# Windows 10 for XP users



## etaf (Dec 28, 2008)

Here's How to Get Windows 10 for Free - Maximum PC



> the Windows team announced via the Windows blog that Microsoft will be giving away Windows 10 for free to users of Windows 10 Preview.
> 
> That's right. Even if you're on an older version of Windows, like XP, just go and install Windows 10 Technical Preview now, and when Windows 10 comes out, you'll be prompted for the full, free upgrade.


seems MS are prepared to give windows 10 away to everyone 

Not sure what impact this will have , or how well it will run on a windows XP PC


----------



## Deejay100six (Nov 24, 2007)

Well, my old machine didn't meet the hardware requirements for Windows 8 so I've got to assume it'll be the same for 10.

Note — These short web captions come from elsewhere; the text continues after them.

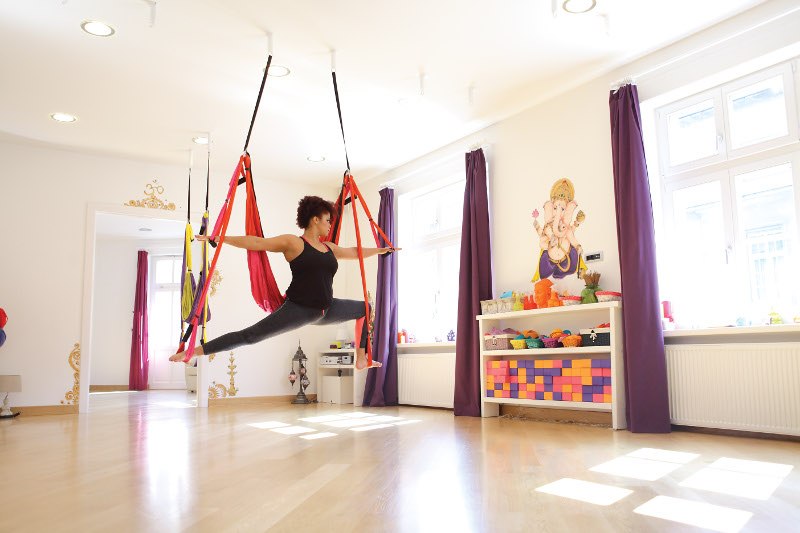yoga swing 2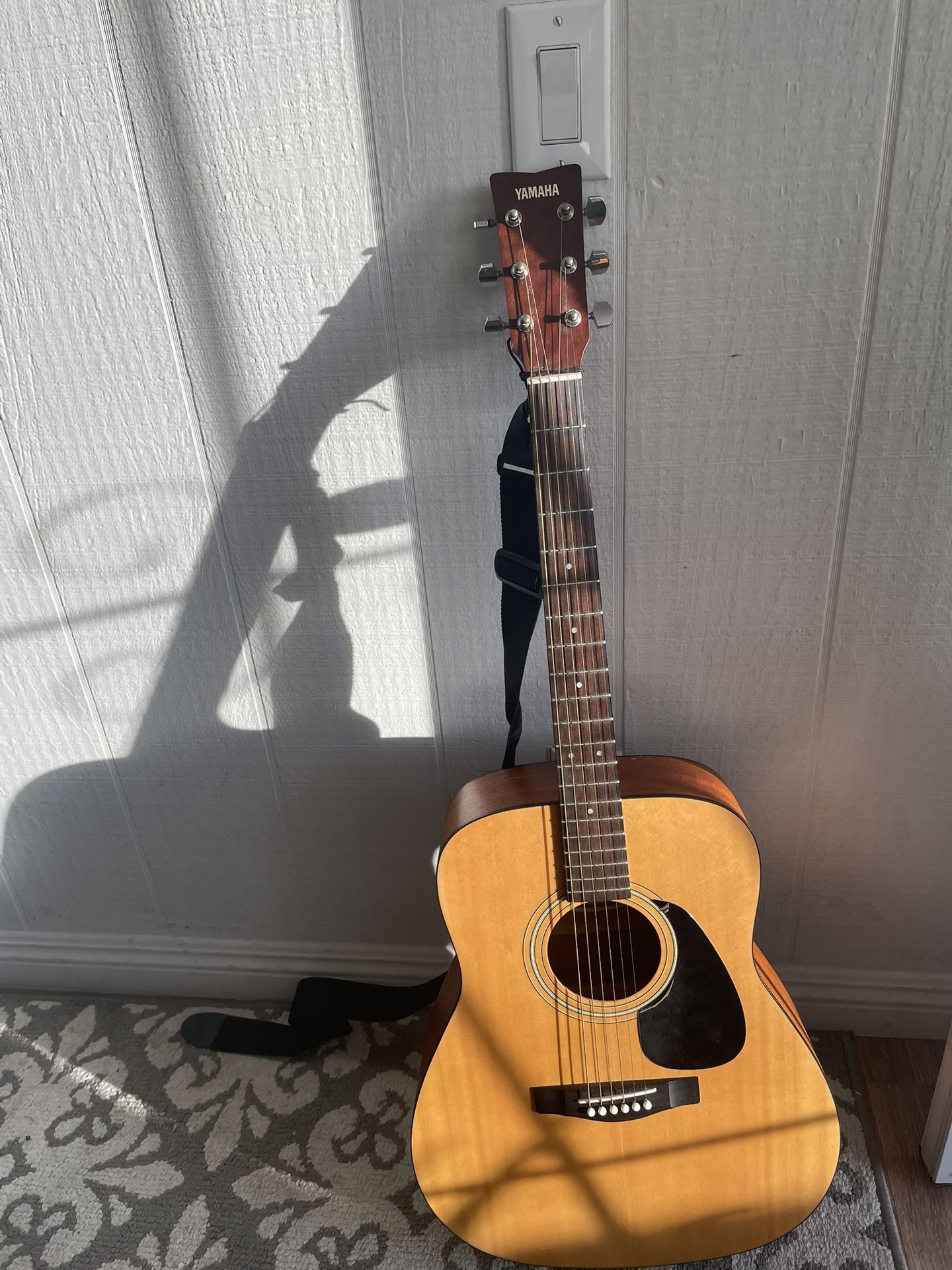 Yamaha Guitar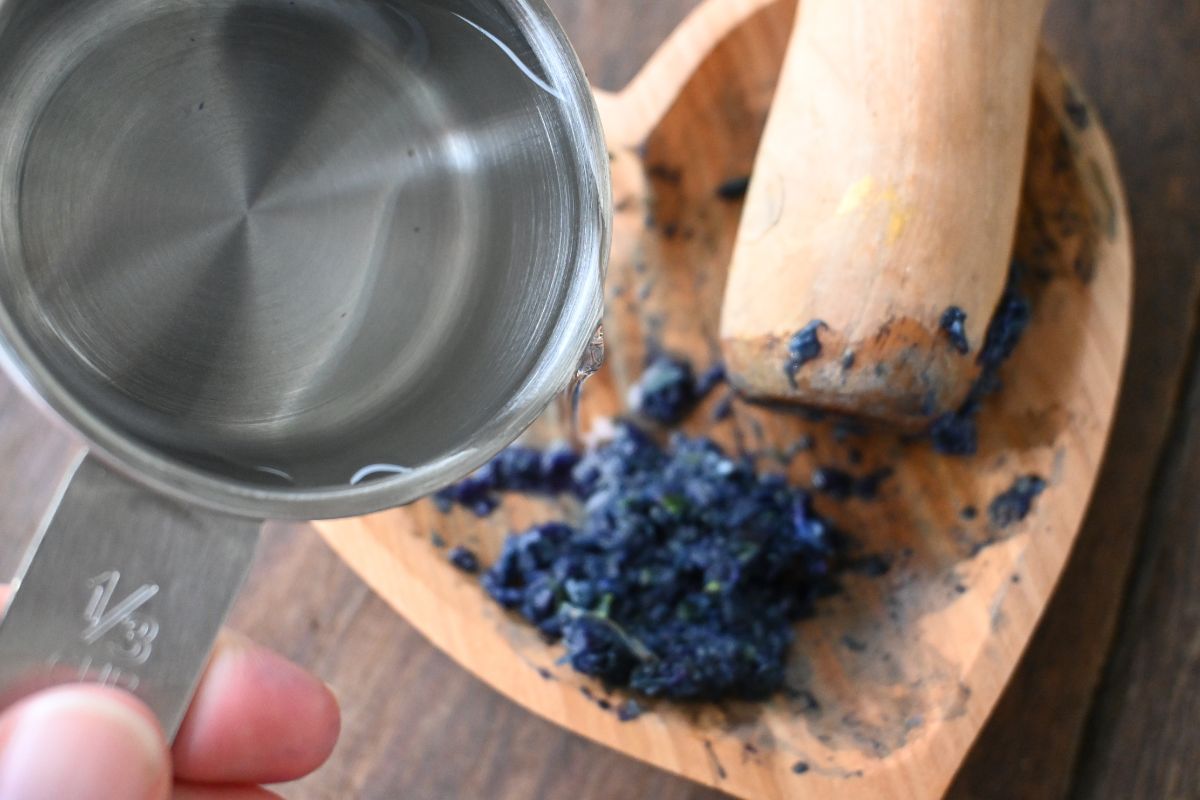 blue butterfly pea flower mixing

Lots of XP machines will likely have the same issue.


----------



## Masterchiefxx17 (Feb 27, 2010)

I'm not sure I'd upgrade a Windows XP machine to Windows 10, due to the old hardware it would be running.


----------



## Rich-M (May 2, 2007)

The only way to know for sure is to run the Windows 10 compatibility checker.
You can go here to reserve your free copy and when the actual 4 square white icon appears in your system tray, you can click it open and one of the things it will do is see if your hardware and software is compatible.
Windows 10 Features - Microsoft


----------



## Aura (Apr 19, 2015)

If that machine have drivers for at least Windows Vista, there's a chance that the drivers will also works for Windows 10 but I wouldn't bet on it. Pointless if the machine only something like 1GB of RAM and a 1GHz CPU or else.


----------



## sobeit (Nov 11, 2007)

Rich-M said:


> The only way to know for sure is to run the Windows 10 compatibility checker.
> You can go here to reserve your free copy and when the actual 4 square white icon appears in your system tray, you can click it open and one of the things it will do is see if your hardware and software is compatible.
> Windows 10 Features - Microsoft



compatibility checker might work for desktops but I would not trust it for laptops. see the oem manfacturer for win 10 drivers or win8. if neither, then do not attempt to upgrade.


----------



## etaf (Dec 28, 2008)

Just installed windows10 preview on a Sony Vista laptop - was a reasonable laptop - Bluray, 4GB ram - seems to be working OK - apart from a couple of missing drivers
Base System Device & Unknown Device - so will need to investigate to see what they are

see what happens and if I get the W10 free


----------



## Deejay100six (Nov 24, 2007)

Rich-M said:


> The only way to know for sure is to run the Windows 10 compatibility checker.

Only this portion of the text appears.